Panel Paper:
Long-Term Impacts of Michigan SEED and Enduring Challenges to Saving for Low-Income Families
*Names in bold indicate Presenter
Envisioned as a way to improve well-being through financial stability, child savings accounts (CSAs) have been linked to important educational outcomes for children. Much of the US-specific research on CSAs comes from the Saving for Education, Entrepreneurship, and Downpayment (SEED) initiative that implemented CSAs in 12 sites across the country. This study is part of a unique mixed methods long-term follow-up of pre-school participants from Michigan SEED (MI-SEED) who are now entering high school. In order to understand the long-term impacts of MI-SEED, our study explored two key questions: (1) What are strategies that families use to manage their finances? (2) How are families approaching saving for higher education now that their children are nearing high school?
Methods:
The MI-SEED program was designed as a quasi-experimental comparison of seven treatment and seven control Head Start centers.
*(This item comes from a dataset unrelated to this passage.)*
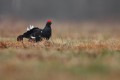 Black Grouse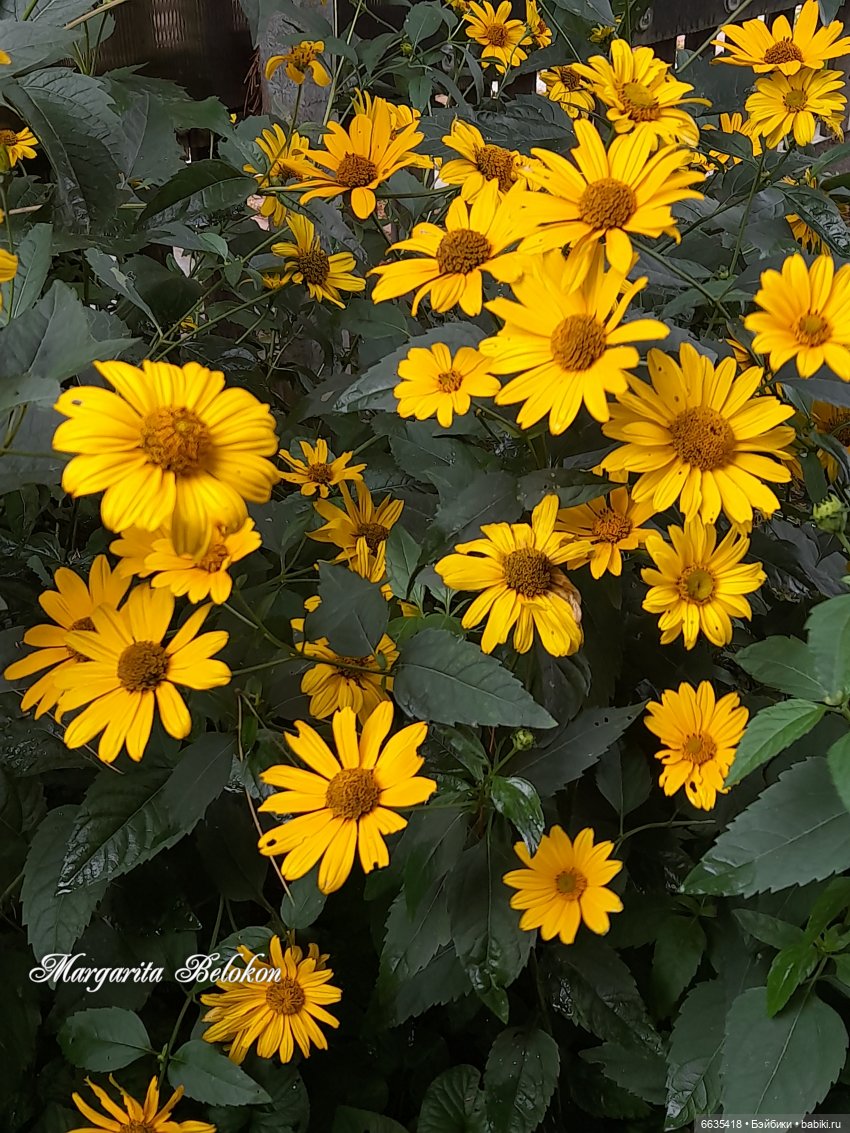 День жёлтого цвета — Азиатские виниловые куклы (разное): Китай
Caregivers of children at all 14 centers were invited to complete a baseline interview in 2004 and a Wave 2 survey in 2008. Caregivers with children enrolled in treatment Head Start centers were offered a CSA with an initial $800 deposit, matched by a $200 state deposit, and were also encouraged to take advantage of a 1-to-1 match for additional personal savings, up to maximum of $1,200. The 2014/2015 component followed up with several families who took part in the original study. We conducted 50 in-depth semi-structured interviews (29 treatment participants with accounts, 3 treatment participants without accounts, and 18 control participants) with participants recruited from the list of prior survey respondents. Interviews were transcribed verbatim and coded thematically by three independent coders. We also obtained 529 college savings account lifetime deposit, lifetime withdrawal, and current total balance information from TIAA-CREF, which was then merged into the survey database.
Findings:
Most families started out extremely poor when the study began in 2004. Both treatment and control site participants identified that they had been negatively impacted by the dramatic economic downturn in Michigan. However, treatment families were largely able to hold on to the original SEED deposits. Only three of the 29 treatment families with accounts we interviewed had made withdrawals since 2008. The modal family had gained approximately $200 in total value and the average account gain was over $800. In contrast, the majority of control family participants had no dedicated child savings. Participant interviews uncovered four thematic findings: (1) many families are struggling financially, (2) there are significant barriers towards savings for many low-income families, (3) significant consumption pressures lead to the use of alternative financial services, and (4) families have suggestions for improving savings outcomes.
Conclusions/Implications:
For low-income families that are struggling to pay basic expenses, saving is hard. Treatment families value initial deposits made for their children’s education and typically don’t withdraw these funds, demonstrating their interest in college savings. Although a primary purpose of MI-SEED was to save for a long-term endeavor, and some families did, given economic circumstances, maintaining any savings at all is a strong result.